** Opening TASK INPUT block **

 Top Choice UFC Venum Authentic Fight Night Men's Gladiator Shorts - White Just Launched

** Closing TASK INPUT block **
** Opening TASK INPUT block **

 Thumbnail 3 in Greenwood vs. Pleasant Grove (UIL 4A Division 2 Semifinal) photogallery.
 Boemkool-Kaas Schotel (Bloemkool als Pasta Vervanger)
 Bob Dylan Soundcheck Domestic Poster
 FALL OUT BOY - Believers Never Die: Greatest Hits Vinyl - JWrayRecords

** Closing TASK INPUT block **

WHAT YOU HAVE TO DO: Please copy the lines in the records above between the one holding "Boemkool-Kaas Schotel (Bloemkool" and the one holding "FALL OUT BOY", inclusive, exactly and with no other line.

RESULT:
 Boemkool-Kaas Schotel (Bloemkool als Pasta Vervanger)
 Bob Dylan Soundcheck Domestic Poster
 FALL OUT BOY - Believers Never Die: Greatest Hits Vinyl - JWrayRecords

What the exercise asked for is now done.